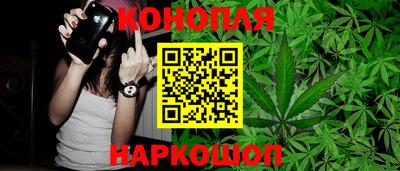 альфа пвп VHQ Коммунар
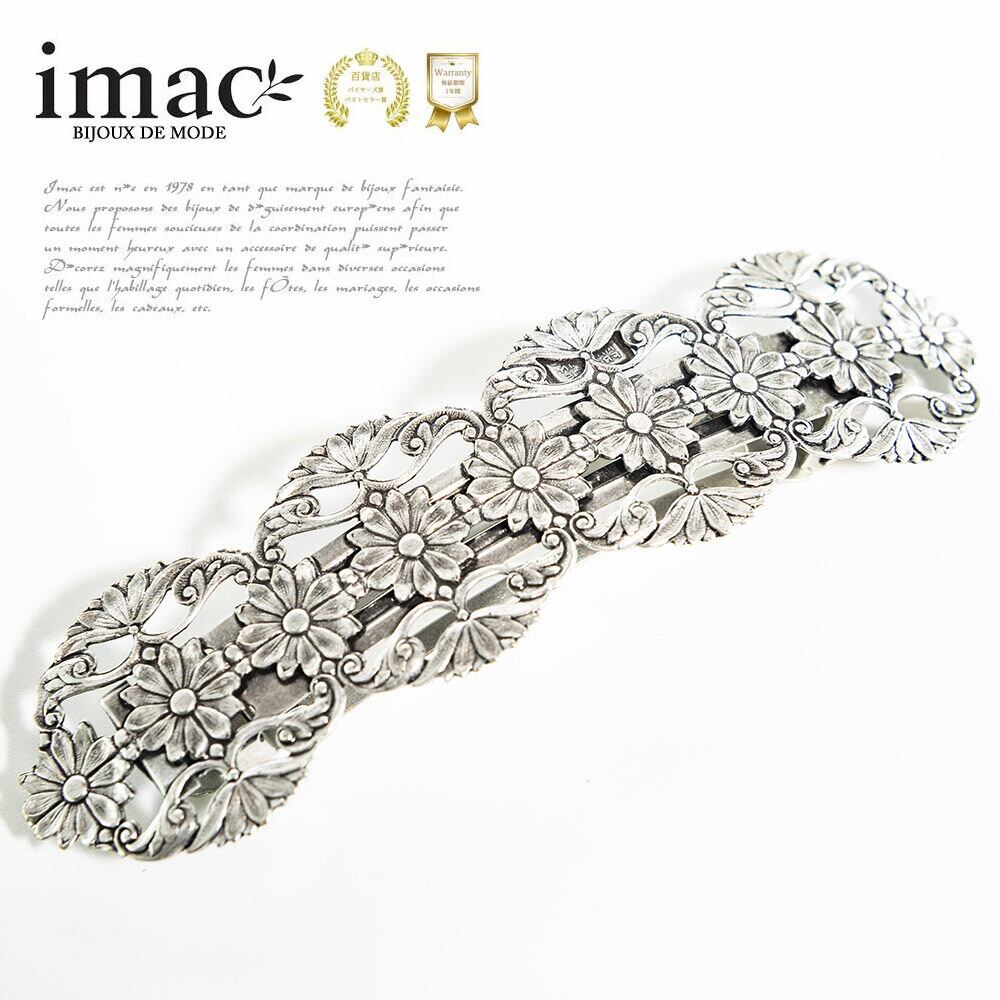 バレッタ レースメタル シルバー フラワー 留金 8cm 150236 【イマックジュエリー公式】
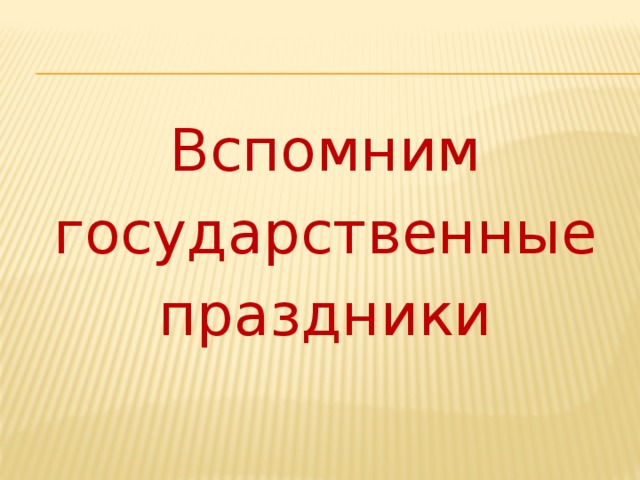 Вспомним  государственные праздники   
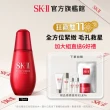 【SK-II】官方直營 肌活能量精萃75ml(加大版/臉部保濕抗老精華液/淡化細紋)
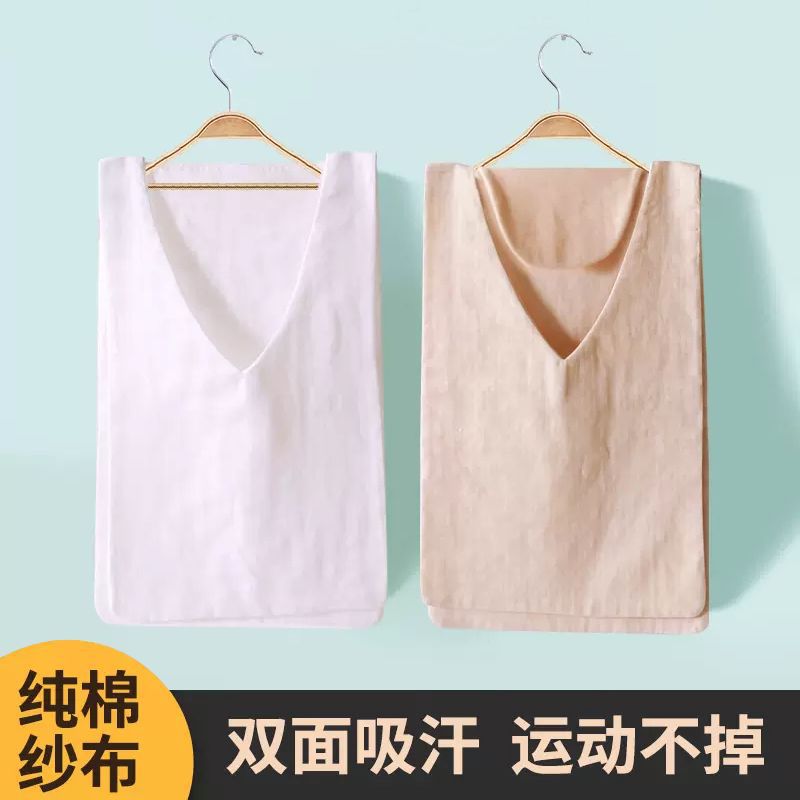 成人吸汗巾大人純棉大童前後雙面墊背運動產婦隔汗巾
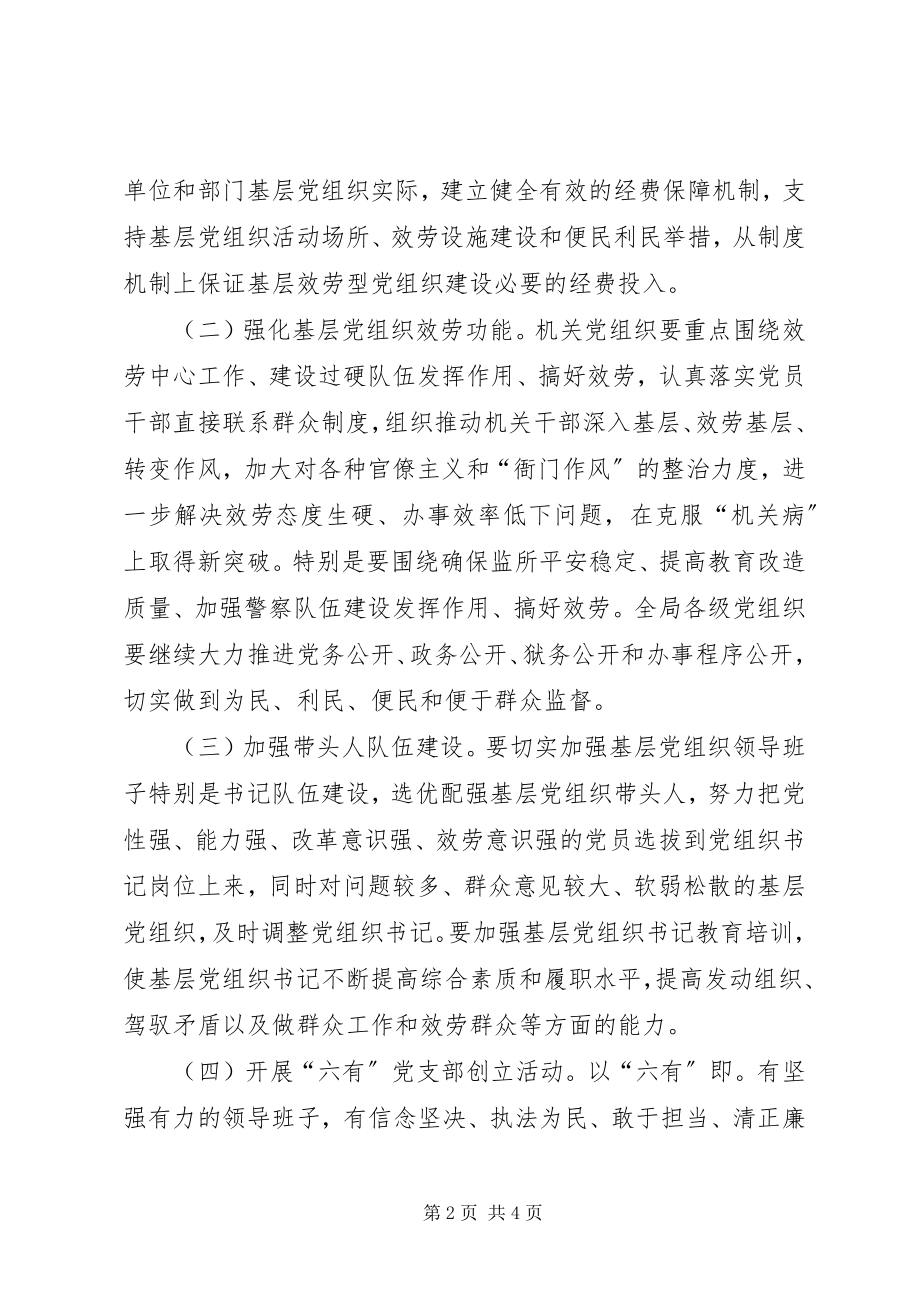 2023年监狱管理局关于加强服务型党组织建设的意见.docx_第2页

Exercise details:
No picture belongs in the answer, but every word of the records above does, exactly as given.

Solution to the exercise:
 альфа пвп VHQ Коммунар
 バレッタ レースメタル シルバー フラワー 留金 8cm 150236 【イマックジュエリー公式】
 Вспомним  государственные праздники   
 【SK-II】官方直營 肌活能量精萃75ml(加大版/臉部保濕抗老精華液/淡化細紋)
 成人吸汗巾大人純棉大童前後雙面墊背運動產婦隔汗巾
 2023年监狱管理局关于加强服务型党组织建设的意见.docx_第2页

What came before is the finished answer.